>Michael,
>
>>I had a similar problem which went away when I optimized a piece of code to eliminate superfluous assignments to Image.picture properties.<
>
>I read the link you gave - and tried the solutions - but so far it hasn't helped.
>
>Would you mind telling me the changes you made that actually corrected the behavior?
>
>Mel Cummings
Mel,
My app has a timer that refreshes the appearance of a bunch of image controls and their parent containers, residing in _screen. I was seeing just the sort of flaky hourglass behavior you describe, esp. on slower machines, but even on a fast one, to a lesser degree. The pattern of cases where the problem occurred was strange, indicating that this was not simply a matter of performance.
I decided to try two things: optimize the refresh logic, and issue a no-op mouse operation (a la fast DOEVENTS) after each refresh. As I recall, I tried the mouse operation first, but that didn't fix it. Without concluding the mouse no-op experiments exhaustively, I switched to a quick pass at optimizing the refresh code. I'm just about certain that the change that did the trick was what appeared to be a minor optimization, avoiding loading image.picture if I knew it already contained the file I was about to load. Bingo, the problem went away, even on the slowwwest machine. After this change, the cases that used to exhibit the lingering hourglass now just show a brief hiccup, with the hourglass disappearing as it should.
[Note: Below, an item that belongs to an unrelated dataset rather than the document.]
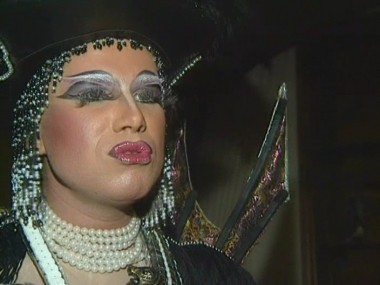 Секс с Анфисой Чеховой, 3 сезон, 21 серия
Later, I noticed the thread I pointed you to, and it rang a bell: there seems to be a bug in loading image controls. Maybe it only manifests itself when a sufficient threshold triggers the hourglass, so there's a relationship to performance, but it's not a simple cause-effect.
In my case, it turned out that simply not performing unnecessary image loadings fixed the problem, but I'm not sure how I would have resolved it if it had been logically necessary to load those images.